== Given information ==
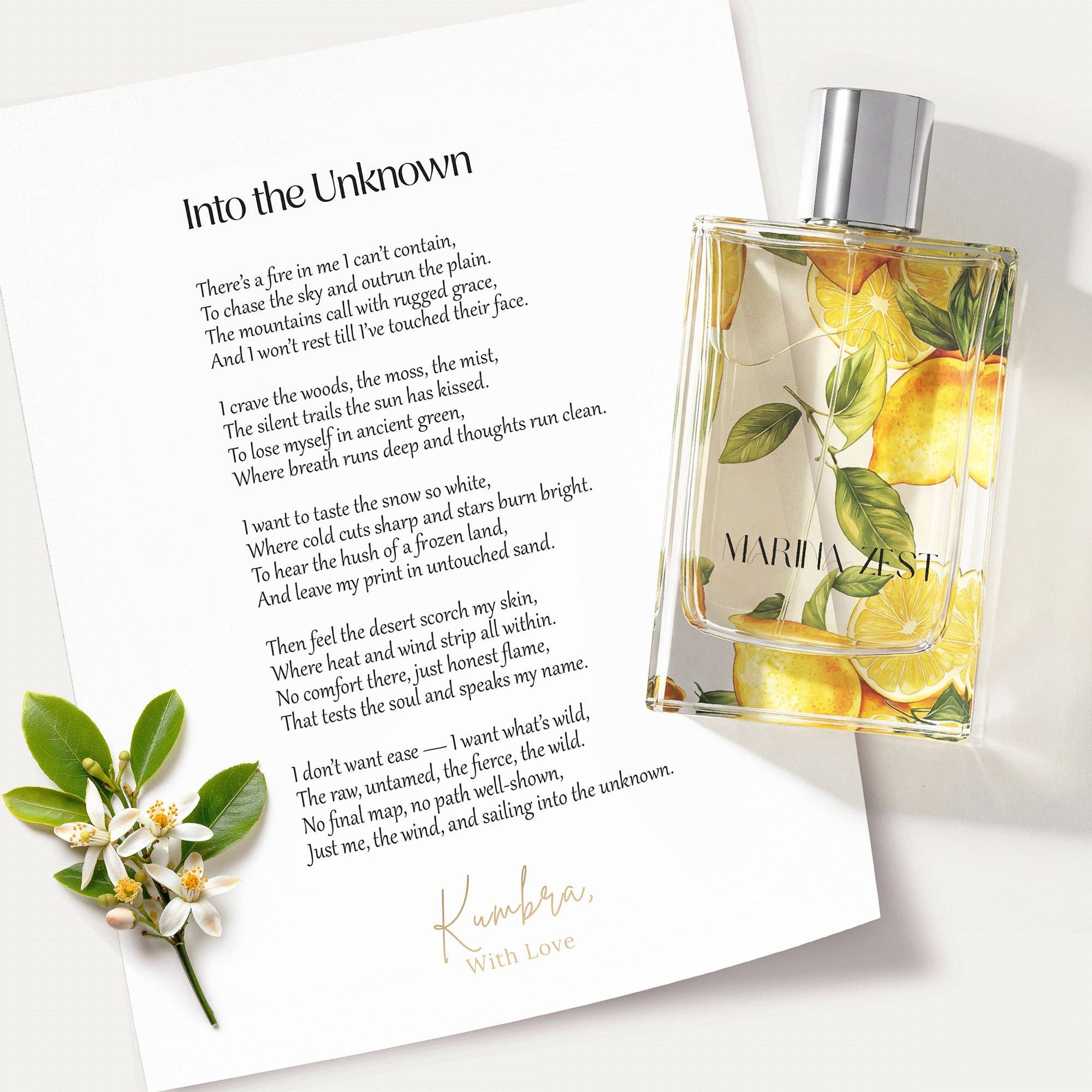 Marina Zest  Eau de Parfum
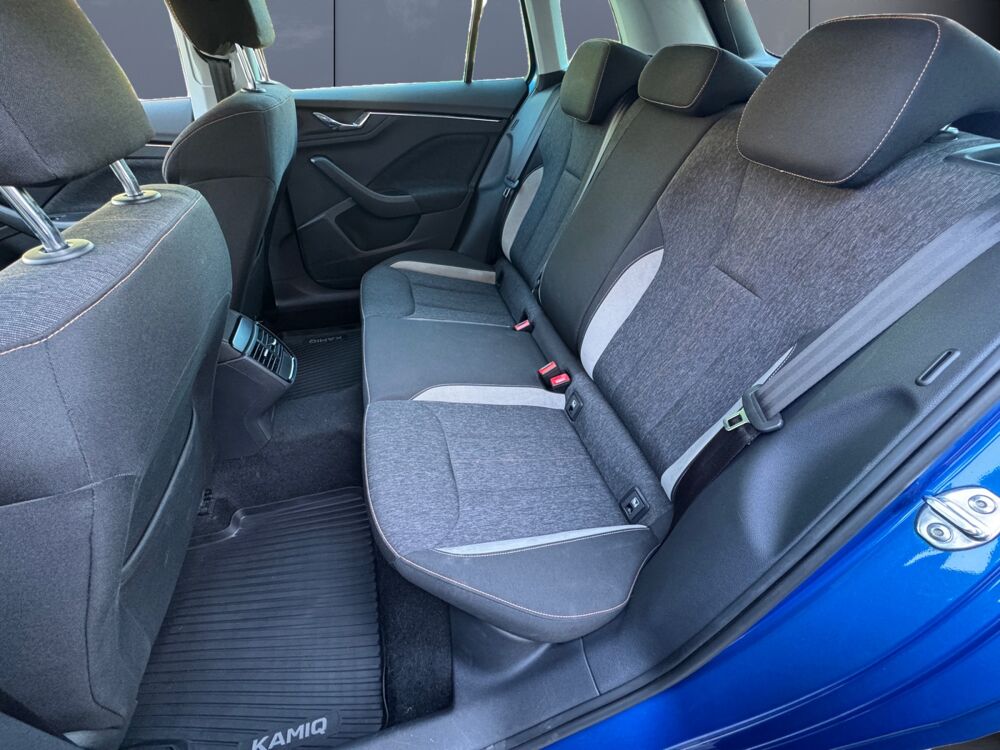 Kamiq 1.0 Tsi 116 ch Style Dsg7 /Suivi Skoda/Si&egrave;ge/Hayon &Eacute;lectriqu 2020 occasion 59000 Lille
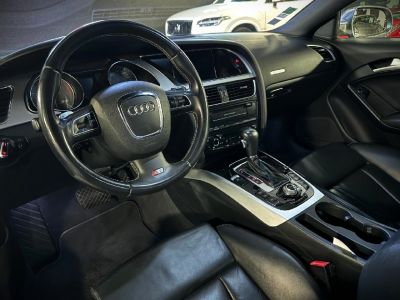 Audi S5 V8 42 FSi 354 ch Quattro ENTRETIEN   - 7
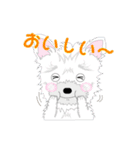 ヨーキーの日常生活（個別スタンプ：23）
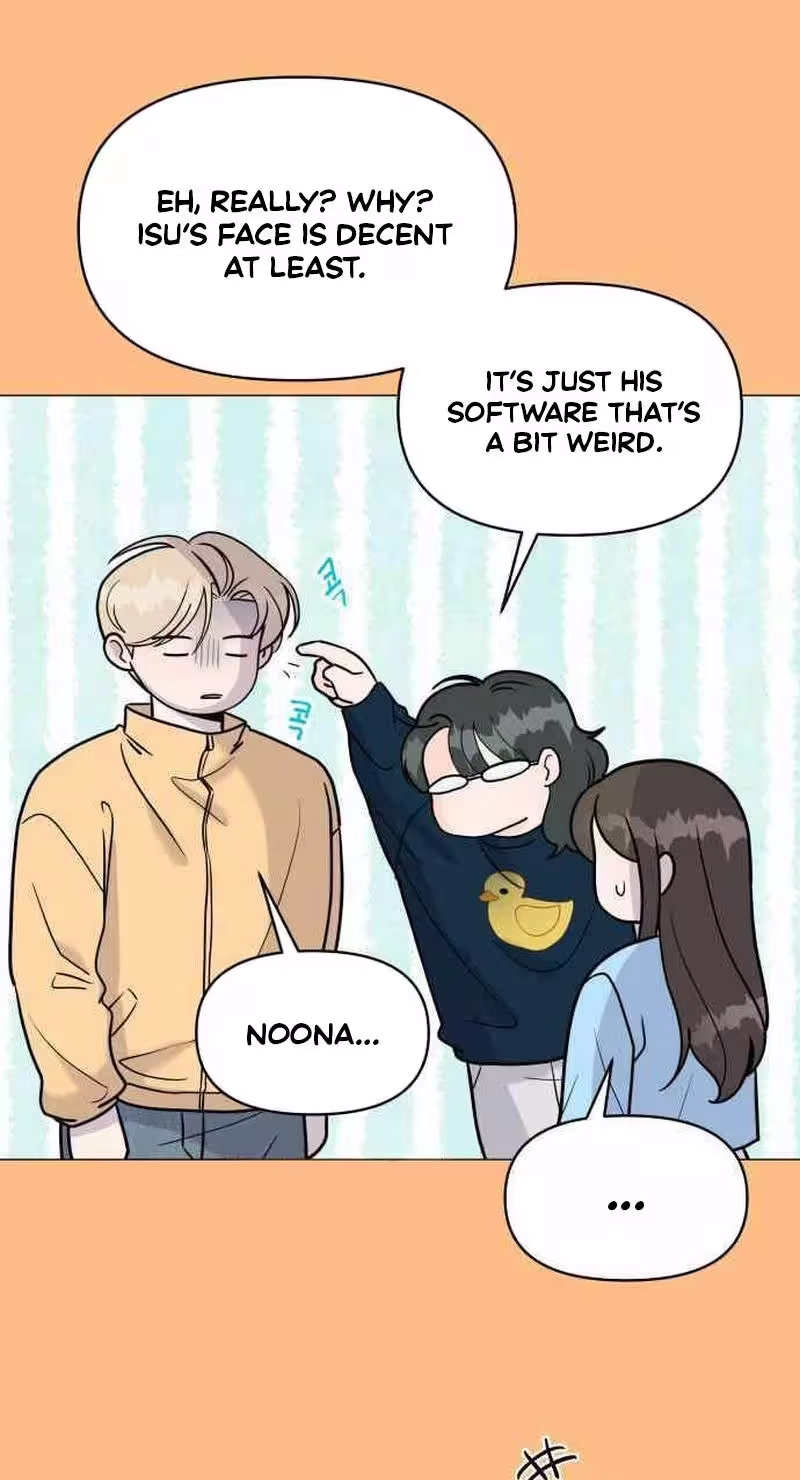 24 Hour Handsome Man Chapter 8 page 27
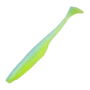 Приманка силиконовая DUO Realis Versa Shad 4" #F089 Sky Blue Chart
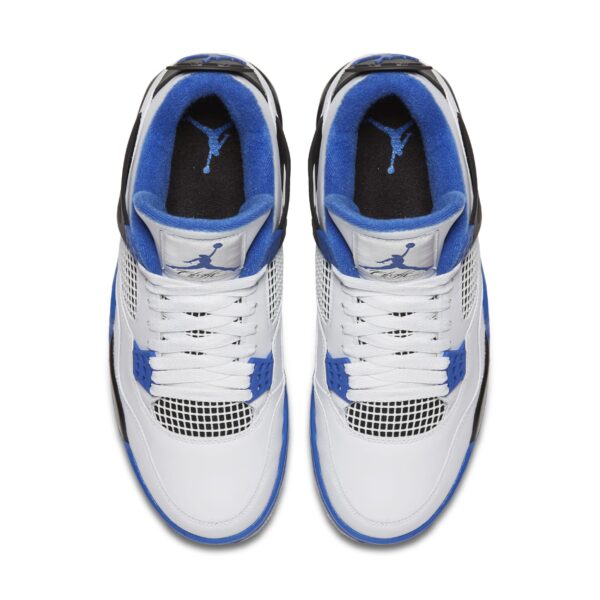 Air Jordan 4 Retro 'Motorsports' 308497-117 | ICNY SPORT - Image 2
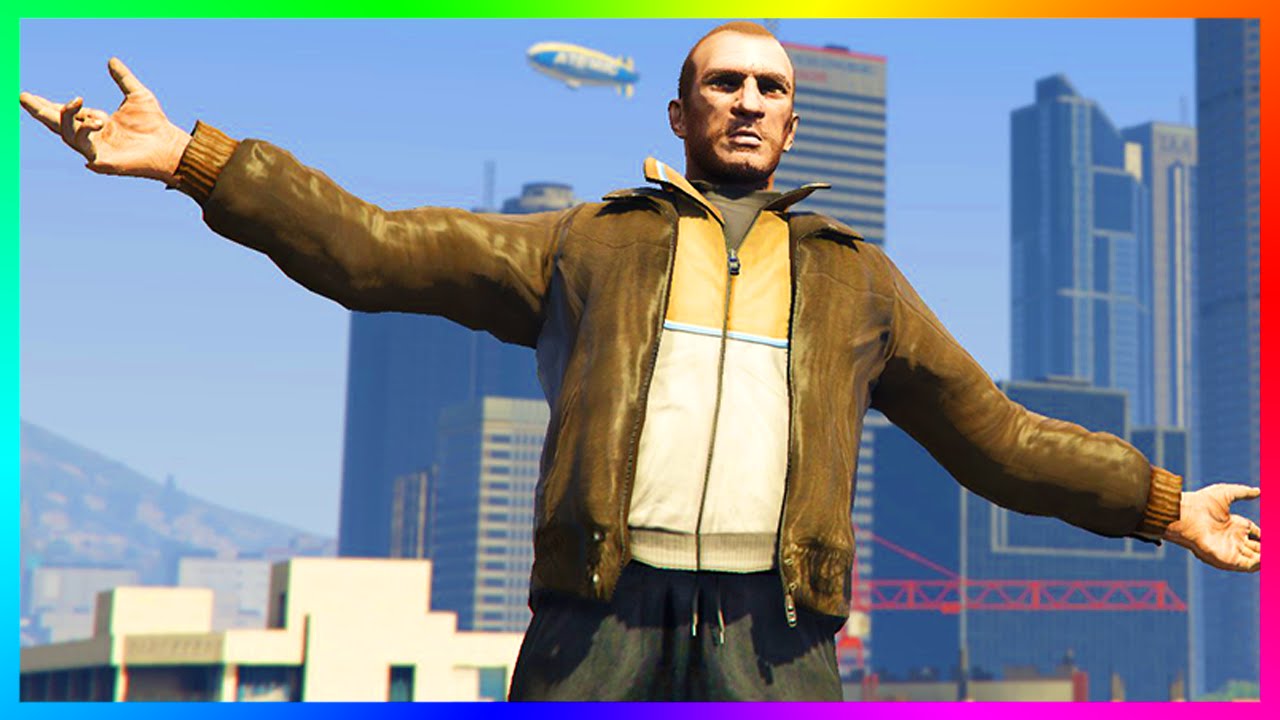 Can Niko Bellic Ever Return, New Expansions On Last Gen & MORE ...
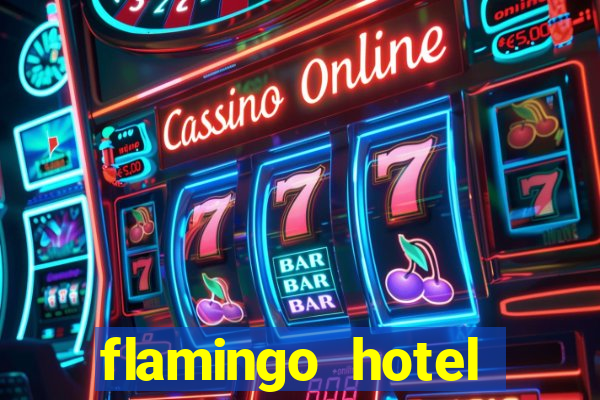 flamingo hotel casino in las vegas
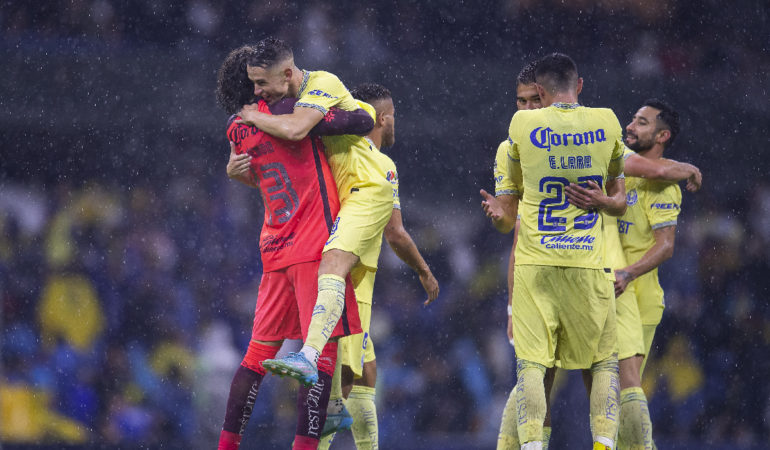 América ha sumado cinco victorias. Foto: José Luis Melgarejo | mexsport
===
Exercise requirements: Repeat the records above verbatim, dropping the pictures.

Answer to this exercise:
 Marina Zest  Eau de Parfum
 Kamiq 1.0 Tsi 116 ch Style Dsg7 /Suivi Skoda/Si&egrave;ge/Hayon &Eacute;lectriqu 2020 occasion 59000 Lille
 Audi S5 V8 42 FSi 354 ch Quattro ENTRETIEN   - 7
 ヨーキーの日常生活（個別スタンプ：23）
 24 Hour Handsome Man Chapter 8 page 27
 Приманка силиконовая DUO Realis Versa Shad 4" #F089 Sky Blue Chart
 Air Jordan 4 Retro 'Motorsports' 308497-117 | ICNY SPORT - Image 2
 Can Niko Bellic Ever Return, New Expansions On Last Gen & MORE ...
 flamingo hotel casino in las vegas
 América ha sumado cinco victorias. Foto: José Luis Melgarejo | mexsport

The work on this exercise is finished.